A Tale of Two Prophets
- Br. Lee Hughes, OP (Anglican)
- Dec 22, 2024
- 2 min read
[A reflection on the Gospel for the Fourth Sunday of Advent (Western Rite), Sunday, December 22, 2024, which readings may be found here.]
Our culture views prophets as glorified forecasters and fortune-tellers, predicting the future (usually a grim one) with some weird, eldritch cast about them. Part of it is our poor familiarity with the Old Testament prophets, part of it are holdovers from our pagan cultural heritage both Germanic and Mediterranean, and part of it is pure Hollywood (sane, reasonable, well-groomed prophets not being that great of a box-office draw).
The Scriptural witness really is not about all that. There are some predictions, certainly, and some, well, bizarre behaviour (Jeremiah burying his undergarments comes to mind), but for the most part the job of the prophet is to communicate what God is thinking, what God finds important, and what God wants His people to be doing. Many future predictions were conditional, but much of that was to amend current behaviour to align with God's priorities: mercy, love, justice, righteousness, peace.
What is unusual in the Scriptural witness are female prophets, likely not because God did not bestow that grace upon women but likely because men were less inclined to write it down. Miriam sister of Moses was considered a prophet, Huldah from the late period of the Kingdom of Judah was also called a prophet, but there are two more often not considered to be a prophet who most clearly fit the bill: Elizabeth, wife of Zechariah the Priest and mother of John the Baptist, and Mary, the Mother of Our Lord.
It is in the story of the visitation that this fleshes out. Upon their meeting, Elizabeth is "filled with the Holy Spirit", a certain sign of prophetic utterance, and Mary utters the Magnificat, a recast of Hannah's prophetic prayer when told she would bear the prophet Samuel (oh, wait, there's another female Old Testament prophet...). Elizabeth calls out Mary to be the Mother of the Messiah, much as her son John later calls out Jesus to be the Messiah. Mary responds back with a hymn and prayer of God's everlasting justice and mercy. Together they proclaim God's visitation to His people within their visitation together, truly a prophetic act.
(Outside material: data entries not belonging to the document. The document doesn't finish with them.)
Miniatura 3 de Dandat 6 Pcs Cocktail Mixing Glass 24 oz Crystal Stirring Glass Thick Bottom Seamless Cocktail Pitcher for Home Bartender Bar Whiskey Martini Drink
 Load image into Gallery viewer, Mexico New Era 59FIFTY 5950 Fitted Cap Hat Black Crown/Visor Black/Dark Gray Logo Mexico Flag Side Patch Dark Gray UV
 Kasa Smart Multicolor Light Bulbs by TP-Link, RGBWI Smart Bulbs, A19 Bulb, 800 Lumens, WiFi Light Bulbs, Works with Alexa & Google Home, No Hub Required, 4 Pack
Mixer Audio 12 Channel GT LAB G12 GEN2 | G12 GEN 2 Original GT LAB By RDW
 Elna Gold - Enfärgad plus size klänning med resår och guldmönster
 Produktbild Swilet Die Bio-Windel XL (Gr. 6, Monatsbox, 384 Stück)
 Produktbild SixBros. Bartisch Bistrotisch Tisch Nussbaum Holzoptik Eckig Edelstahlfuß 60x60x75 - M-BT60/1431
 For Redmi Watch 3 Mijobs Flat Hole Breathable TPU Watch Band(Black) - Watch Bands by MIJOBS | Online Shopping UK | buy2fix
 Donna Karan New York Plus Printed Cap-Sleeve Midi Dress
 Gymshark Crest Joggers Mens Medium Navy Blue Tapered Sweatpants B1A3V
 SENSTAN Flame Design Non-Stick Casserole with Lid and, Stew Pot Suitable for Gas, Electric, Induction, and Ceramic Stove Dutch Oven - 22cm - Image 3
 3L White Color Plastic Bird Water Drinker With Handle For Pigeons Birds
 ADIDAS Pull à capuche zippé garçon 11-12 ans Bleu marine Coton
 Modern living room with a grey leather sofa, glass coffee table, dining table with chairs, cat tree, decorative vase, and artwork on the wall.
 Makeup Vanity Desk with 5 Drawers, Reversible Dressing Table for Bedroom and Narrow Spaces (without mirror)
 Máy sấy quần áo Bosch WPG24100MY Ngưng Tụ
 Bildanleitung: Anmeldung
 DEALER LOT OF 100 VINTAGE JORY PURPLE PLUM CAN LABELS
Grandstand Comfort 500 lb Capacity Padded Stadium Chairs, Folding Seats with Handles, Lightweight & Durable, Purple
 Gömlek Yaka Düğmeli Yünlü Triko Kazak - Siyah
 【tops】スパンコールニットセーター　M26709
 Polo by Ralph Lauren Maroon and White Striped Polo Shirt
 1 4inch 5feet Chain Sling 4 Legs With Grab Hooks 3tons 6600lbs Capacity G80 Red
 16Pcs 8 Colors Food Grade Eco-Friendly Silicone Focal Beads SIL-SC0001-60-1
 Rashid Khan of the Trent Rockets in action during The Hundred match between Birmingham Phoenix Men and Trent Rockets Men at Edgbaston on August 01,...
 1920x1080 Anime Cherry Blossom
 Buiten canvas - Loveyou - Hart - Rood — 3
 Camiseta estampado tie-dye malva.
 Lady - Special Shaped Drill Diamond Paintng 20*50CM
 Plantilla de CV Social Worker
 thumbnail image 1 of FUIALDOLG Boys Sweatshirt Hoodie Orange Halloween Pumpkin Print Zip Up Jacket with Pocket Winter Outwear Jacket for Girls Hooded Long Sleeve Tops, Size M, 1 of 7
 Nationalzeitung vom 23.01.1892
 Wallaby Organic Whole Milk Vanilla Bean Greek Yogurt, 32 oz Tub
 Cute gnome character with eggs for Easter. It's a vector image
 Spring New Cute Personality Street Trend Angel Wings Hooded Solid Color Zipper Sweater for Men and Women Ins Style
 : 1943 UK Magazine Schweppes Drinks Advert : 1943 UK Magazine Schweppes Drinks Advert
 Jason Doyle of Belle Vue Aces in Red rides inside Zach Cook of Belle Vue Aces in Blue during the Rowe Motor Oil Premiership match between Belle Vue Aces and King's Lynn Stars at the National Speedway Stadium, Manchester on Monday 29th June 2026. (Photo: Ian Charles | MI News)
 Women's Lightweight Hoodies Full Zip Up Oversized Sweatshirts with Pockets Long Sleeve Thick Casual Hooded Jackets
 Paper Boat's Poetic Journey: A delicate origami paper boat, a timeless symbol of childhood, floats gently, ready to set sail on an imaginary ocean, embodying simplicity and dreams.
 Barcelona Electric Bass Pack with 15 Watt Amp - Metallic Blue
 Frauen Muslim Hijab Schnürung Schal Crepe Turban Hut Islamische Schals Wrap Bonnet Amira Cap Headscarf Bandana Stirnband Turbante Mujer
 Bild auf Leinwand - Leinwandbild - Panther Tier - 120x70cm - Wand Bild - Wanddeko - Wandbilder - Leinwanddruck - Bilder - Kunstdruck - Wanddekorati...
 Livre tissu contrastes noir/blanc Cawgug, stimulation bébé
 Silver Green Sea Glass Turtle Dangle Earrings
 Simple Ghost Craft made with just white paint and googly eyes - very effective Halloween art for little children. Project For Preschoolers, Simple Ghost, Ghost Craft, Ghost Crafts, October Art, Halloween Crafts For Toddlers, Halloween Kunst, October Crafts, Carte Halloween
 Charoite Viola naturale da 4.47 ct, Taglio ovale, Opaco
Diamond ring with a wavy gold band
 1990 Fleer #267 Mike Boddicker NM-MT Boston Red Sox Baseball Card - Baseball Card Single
Today many of us content ourselves with reading the stories of the prophets and ignore the prophets among us today proclaiming the good news of God's will and God's message for us. Calls for justice for the poor and the marginalized, calls for the amendment of our lives to walk the paths of righteousness and love (NOT mutually exclusive, NOT only complementary, but in essence the same), and to look for the salvation of Our God. As we await our long-expected Messiah, commemorating his birth so long ago in Bethlehem, let us remember to hear the voices of the prophets, Mary and Elizabeth among them.